PROVIDED RECORDS:
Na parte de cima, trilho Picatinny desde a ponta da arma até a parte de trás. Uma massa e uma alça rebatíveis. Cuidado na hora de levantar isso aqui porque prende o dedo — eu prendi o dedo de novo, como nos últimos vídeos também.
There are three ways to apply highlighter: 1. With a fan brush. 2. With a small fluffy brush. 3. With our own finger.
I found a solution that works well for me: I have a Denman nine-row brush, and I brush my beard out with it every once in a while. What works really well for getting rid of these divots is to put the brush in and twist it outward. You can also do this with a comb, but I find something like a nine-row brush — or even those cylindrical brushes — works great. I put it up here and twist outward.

...

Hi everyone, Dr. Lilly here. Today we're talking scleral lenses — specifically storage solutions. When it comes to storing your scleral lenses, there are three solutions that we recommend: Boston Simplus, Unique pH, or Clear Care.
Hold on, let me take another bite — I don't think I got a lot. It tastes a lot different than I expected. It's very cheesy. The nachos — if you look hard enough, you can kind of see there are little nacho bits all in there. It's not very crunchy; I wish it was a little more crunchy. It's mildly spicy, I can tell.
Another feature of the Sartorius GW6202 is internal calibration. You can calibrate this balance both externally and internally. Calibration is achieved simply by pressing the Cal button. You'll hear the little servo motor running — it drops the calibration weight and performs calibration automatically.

REQUIREMENT: All that belongs in your answer is the stretch of entries above from the line with "Hold on, let" through the line with "Another feature of", printed exactly.

EXPECTED ANSWER:
Hold on, let me take another bite — I don't think I got a lot. It tastes a lot different than I expected. It's very cheesy. The nachos — if you look hard enough, you can kind of see there are little nacho bits all in there. It's not very crunchy; I wish it was a little more crunchy. It's mildly spicy, I can tell.
Another feature of the Sartorius GW6202 is internal calibration. You can calibrate this balance both externally and internally. Calibration is achieved simply by pressing the Cal button. You'll hear the little servo motor running — it drops the calibration weight and performs calibration automatically.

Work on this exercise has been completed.